Burgman 125i X Lead 110: Um confronto urbano

Arthur Caldeira

A Suzuki demorou em renovar seu scooter e apenas em março deste ano apresentou o Burgman i, com motor de 125 cc e injeção eletrônica. Seu atraso lhe custou a liderança do mercado, hoje ocupada pelo Honda Lead 110, lançado em julho de 2009.

Mas vale dizer que não foi apenas a letargia da J.Toledo/Suzuki que fez do scooter da Honda o mais vendido do segmento. Projeto já consagrado, o Lead é uma dos modelos mais vendidos da marca em todo o mundo. Mas como nem sempre a liderança de mercado significa a melhor opção de compra, colocamos os dois pequeninos scooters frente a frente em uma disputa urbana para ajudá-lo na hora da compra.

Motorização
O scooter Suzuki Burgman i 2011 ganhou injeção eletrônica de combustível para alimentar seu propulsor de quatro tempos, 125 cm³, duas válvulas, OHC, monocilíndrico e refrigeração a ar. Mas para atender às regras antipoluição, o desempenho do motor é bastante comedido para sua capacidade cúbica: produz 9 cavalos de potência máxima a 7.500 rpm e torque máximo de 0.95 kgf.m a 6.500 rpm. Números inferiores que o antigo Burgman, que oferecia 12,3 cv de potência máxima e 1,1 kgf.m de torque.

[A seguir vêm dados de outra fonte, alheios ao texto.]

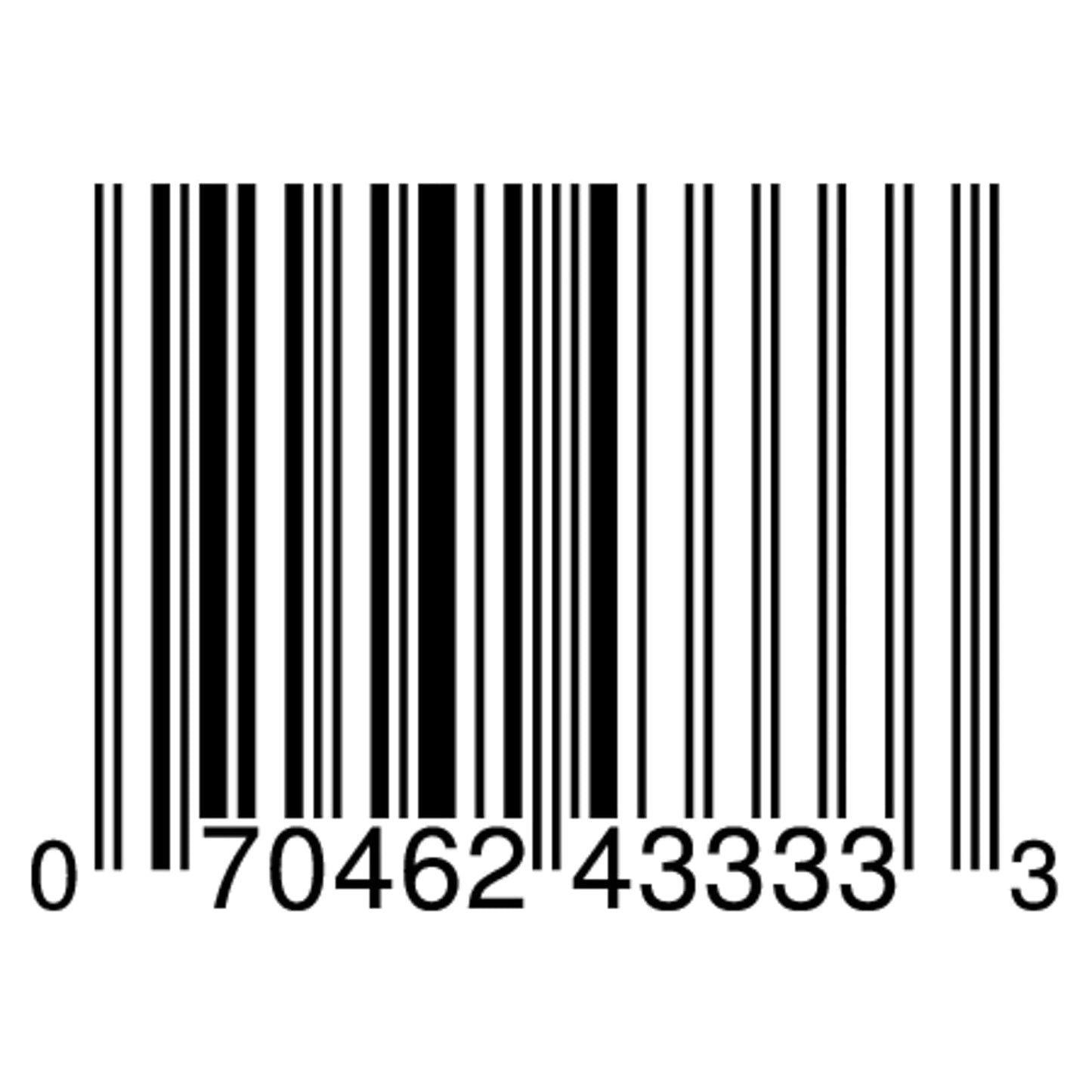 Swedish Fish Assorted Flavors Soft & Chewy Gummy Candy, 5 Pound Bag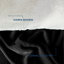 Emporia Blanket-2017855498-2017855499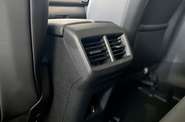 Citroen C5 Aircross Shine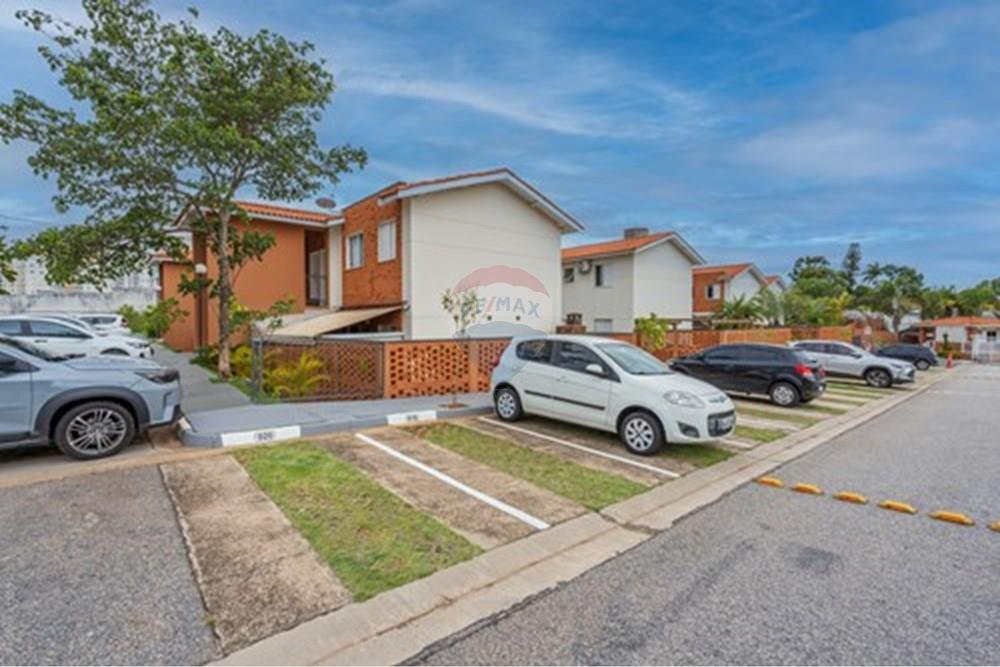 Apartamento - Venda - Campinas , São Paulo - VAGA.jpg - 690681118-130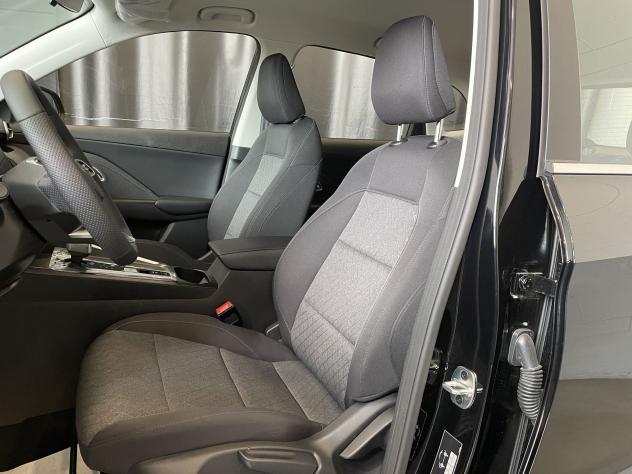 MG ZS ZS 1.5 hybrid+ Comfort auto - Foto 9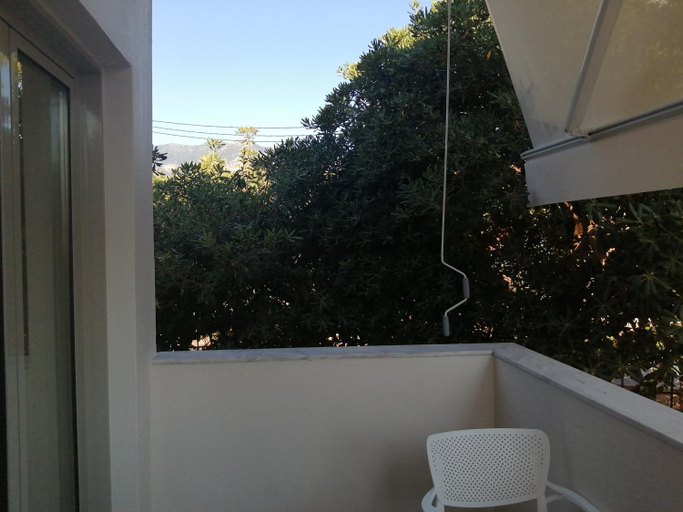 Others 4, Filanthi CostaS, Peloponnese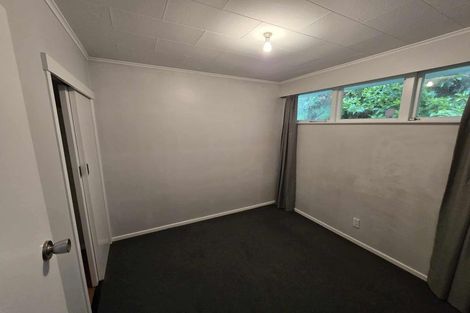 Photo of property in 6 Wyndham Road, Pinehaven, Upper Hutt, 5019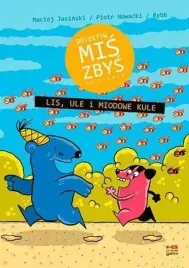 detektyw-mis-zbys-na-tropie-lis-ule-w-2017-kultura-gniewu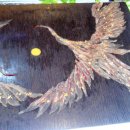 학-비상 이미지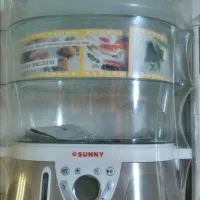 بخارپز سانی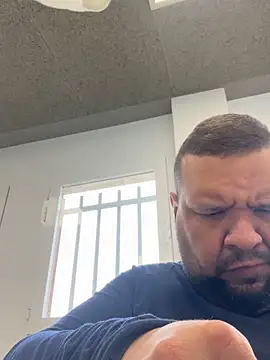 morfeoeros14 online show from March 2026 12:24:01 PM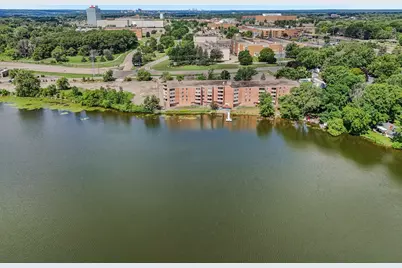 329 Geneva Avenue N #102, Oakdale, MN 55128 - Photo 64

Já o Honda Lead tem propulsor monocilíndrico de menor capacidade, 108 cm³, OHC (comando simples no cabeçote), porém com arrefecimento líquido. A potência máxima é praticamente a mesma - 9,2 cv a 7.500 rpm – assim como o torque de 0,97 kgf.m a 6.000 rpm.

O pequeno motor também é alimentado por injeção eletrônica de combustível. Ambos são equipados com câmbio CVT – transmissão continuamente variável – e não têm marchas e nem embreagem.

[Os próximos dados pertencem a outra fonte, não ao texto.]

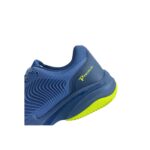 Giày Pickleball Nam Promax PI89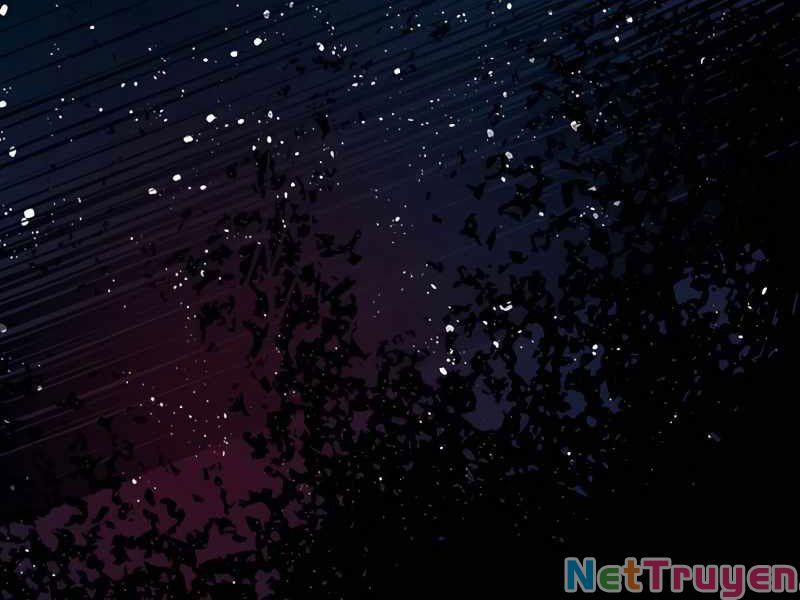 Lần Nữa Chuyển Sinh Sang Thế Giới Khác 1 trang 168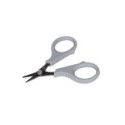 Ciseaux Matrix Titanium Braid Scissors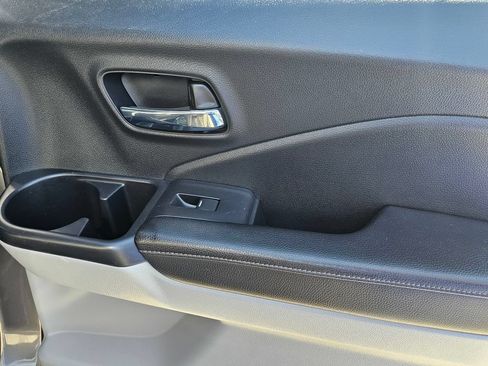 Used 2017 Honda Ridgeline RTS image 14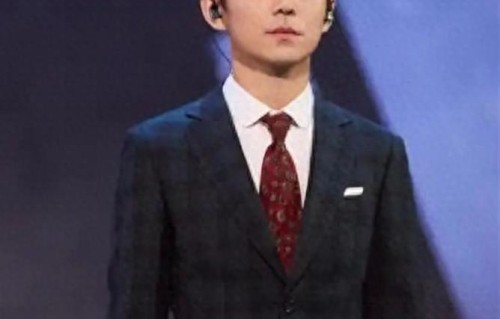 沈梦辰摊牌了，坦言自己的底气不是杜海涛，而是已经相识16年的他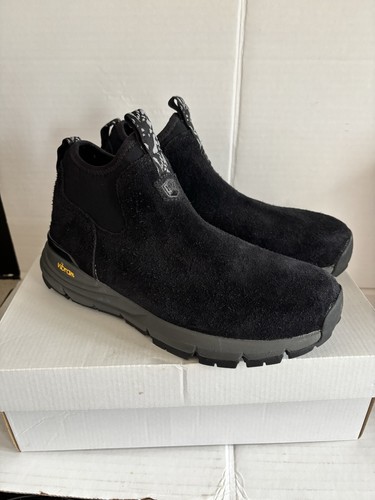 Danner mountain 600 - danner,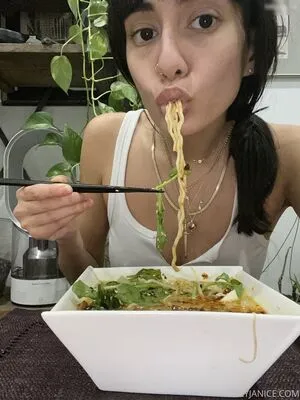 Janice Griffith OnlyFans Leaked Free Thumbnail Picture - #bKCuExI0ug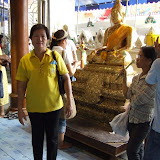 WaiPra9WatNakonPrathom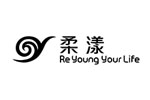 Re Young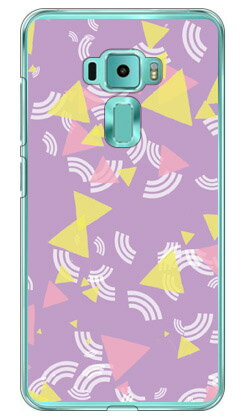 󤫤 ѡץ ʥꥢ ZenFone 35.2 ZE520KL MVNOޥۡSIMե꡼ü Coverfull ...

No uso urbano, o desempenho do Burgman i e do Lead 110 praticamente se equivalem. Mas é na hora de acelerar em vias de trânsito mais rápido ou em estradas que o modelo da Suzuki leva vantagem, chegando a atingir velocidade próxima aos 100 km/h no velocímetro, enquanto o scooter Honda tem um limitador que não o deixa passar dos 80 km/h.

Outro ponto positivo do scooter Suzuki foi a economia de combustível. Em cerca de 300 km rodados, o Burgman teve média de consumo que variou entre 38 e 41 km/l. Como tem tanque de 6,0 litros, sua autonomia beira os 250 km.

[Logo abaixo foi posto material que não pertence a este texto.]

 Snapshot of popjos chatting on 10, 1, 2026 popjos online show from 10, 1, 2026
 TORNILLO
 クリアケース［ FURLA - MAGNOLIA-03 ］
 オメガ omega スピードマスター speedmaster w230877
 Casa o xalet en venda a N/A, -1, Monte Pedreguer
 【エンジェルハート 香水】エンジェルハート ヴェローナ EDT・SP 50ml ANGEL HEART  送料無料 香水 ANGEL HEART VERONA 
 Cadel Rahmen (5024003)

Já o Honda Lead 110 teve média de consumo entre 33 e 35 km/l. E com tanque de 6,5 litros, o scooter tem autonomia para rodar cerca de 200 km.

Ciclística
Na parte ciclística, ambos também trazem projetos bastante semelhantes. Tanto Honda como Suzuki montaram seus scooters sobre chassis monoblocos, com suspensões telescópicas na dianteira e balança monoamortecida na traseira. Como era de se esperar, o conjunto de amortecimento não é suficiente para absorver as enormes imperfeições do asfalto paulistano em nenhum dos dois modelos. Mas isso não é um defeito dos veículos, mas sim das nossas ruas.

O que vale ressaltar aqui é que, ao conduzir um scooter, o piloto tem de estar ciente de suas limitações de desempenho e ciclística e respeitar o veículo para evitar acidentes.

As diferenças aparecem mesmo nas rodas e freios. A Honda equipou o Lead com roda dianteira de 12 polegadas e traseira de 10 polegadas, enquanto a Suzuki optou pelas rodas de 10 polegadas na frente e atrás. Ao passar por ondulações, a roda de 12 polegadas oferece um pouco mais de firmeza e transmite mais segurança ao motociclista.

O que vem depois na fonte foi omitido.